If an invalid value has been assigned to the pointer, the behavior of the unary * operator is undefined.

[...]

Among the invalid values for dereferencing a pointer by the unary * operator are a null pointer, [...]

[6.5.3.2 Address and indirection operators, C11]

---

why use 1 but not 2?

Why use either of them?

---

1 is good, 2 donnot work

“There is nothing either good or bad, but thinking makes it so.” — They both serve different purposes. Though, the purpose of the second snippet is rather ambiguous here.

Answer 2

C uses pass by value for function call arguments. That means a function receives a copy of the passed value, and there's no way for the function to directly change a variable in the caller.

For example, if you write

void set_to_5(int x)
{
    x = 5;
}

and then write

int i = 3;
set_to_5(i);
printf("%d\n", i);

it prints 3, not 5. Or, if you write

void set_string(char *str)
{
    str = "world";
}

and then write

char *p = "hello";
set_string(p);
printf("%s\n", p);

it prints hello, not world.

In both cases, the function successfully changes its copy of the passed value — x or str — but that doesn't have any effect on the variable in the caller (i or p).

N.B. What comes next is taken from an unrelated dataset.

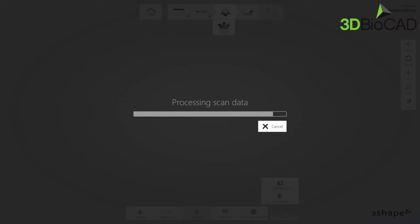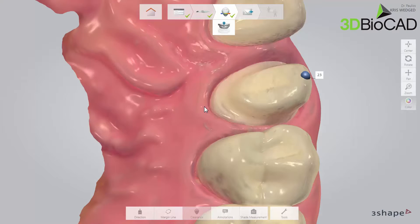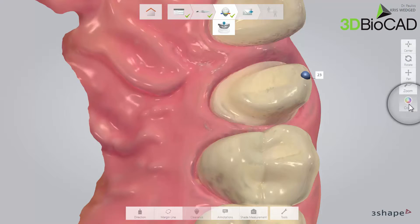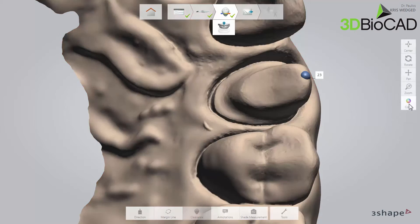If you implement any modification of the scan later on during work, for example adding an HD photo, you will need to do post-processing once again. It is the same procedure that the software always does automatically while sending a case to a laboratory.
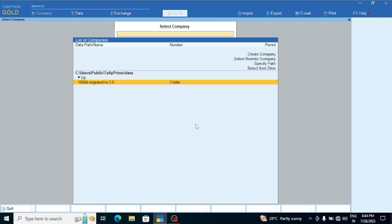In Tally Prime, we are going to do multiple GST registrations and check all the GSTs in this video. If you have any doubts, feel free to ask. Now, I have opened Tally Prime 3.0.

When you want to have a function that does change a variable in its caller, one way to do that is to have the function accept a pointer. That looks like this:

void set_to_5_via_pointer(int *x)
{
    *x = 5;
}

void set_string_via_pointer(char **str)
{
    *str = "world";
}

Then you can write:

int i = 3;
set_to_5_via_pointer(&i);
printf("%d\n", i);

char *p = "hello";
set_string_via_pointer(&p);
printf("%s\n", p);

Now it does print 5 and world, as desired.

Notice that in each case I made three changes:

1. I added a * to the parameter type expected by the function (int x to int *x, char *str to char **str)
2. I added a * before each use of the parameter in the function, that is, where I actually set the new value (5 and "world")
3. I added a & before the variables where I passed them to the function (set_to_5_via_pointer(&i) and set_string_via_pointer(&p)).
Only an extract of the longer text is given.